Apart from the provision of tax-free cash, the only real advantage we have when saving in a pension is that we get to choose when we pay the tax on our income. If we defer income by saving in a pension, we do not escape paying tax on that income, we simply defer the payment of tax until later on in life.
The special deal we get when saving in a pension (apart from the tax-free treatment of cash sums) is that we only pay tax once on our earnings while we are on the planet and in this place called the UK. We either pay tax on our income and spend it or save it in conventional savings schemes or we can choose to defer some of our income by saving it in a pension scheme. If we do that, then we do not pay tax on that deferred income until we start drawing it when we are older.

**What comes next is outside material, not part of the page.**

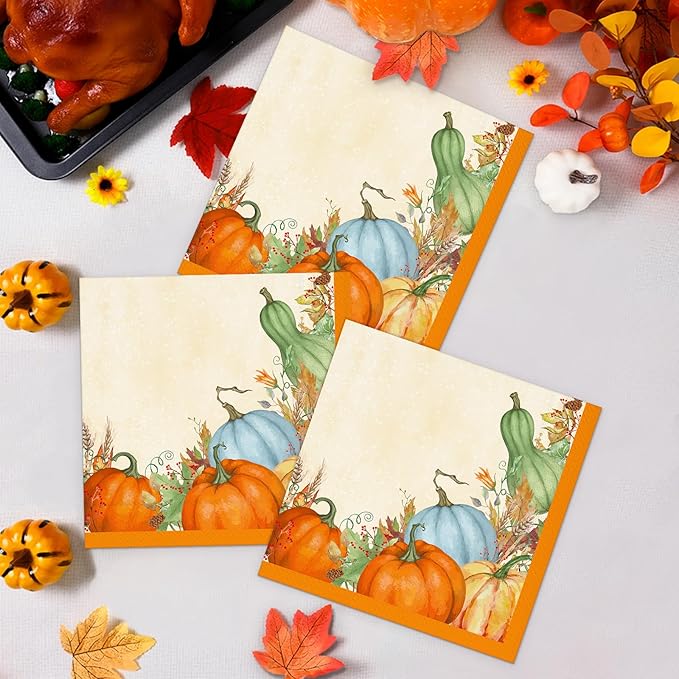 80 Thanksgiving Party Paper Napkins Disposable 13" x 13" Fall Dinner Napkins Autumn Harvest Pumpkin Luncheon Napkins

There are two ways that any Chancellor can arrange things for us so that we only pay tax once on our pension savings. One is to ask us to take a leap of faith and pay into our pension savings from our taxed income, like we do if we are saving in a building society savings account or something.
If pensions were like that, then we would be relying on a promise that future Chancellors would not tax us on our pensions when we finally come to draw them decades hence. I do not know about you but my view would be that the risk of being taxed twice on your pension savings would be on the high side in that kind of arrangement.
The second and more reassuring way of convincing us that we will only be taxed once on our income if we save in a pension is, of course, to let us off paying tax on the way in. We can do that safe in the knowledge that, as sure as eggs are eggs, we will be taxed on the way out.
And that, as everyone knows, is the way our pension system works today. We have the benefit of only being taxed once on our income if we save in a pension.
By having this arbitrary age of 75 (slap in the middle of the period that many will call their retirement) where people reach a sort of Hobson’s choice moment with regard to their pension savings seems really unhelpful to me. Why should 76-year-olds have different rules applying to them than 74-year-olds? Or, to put it another way, why should some people be taxed twice on their pension savings?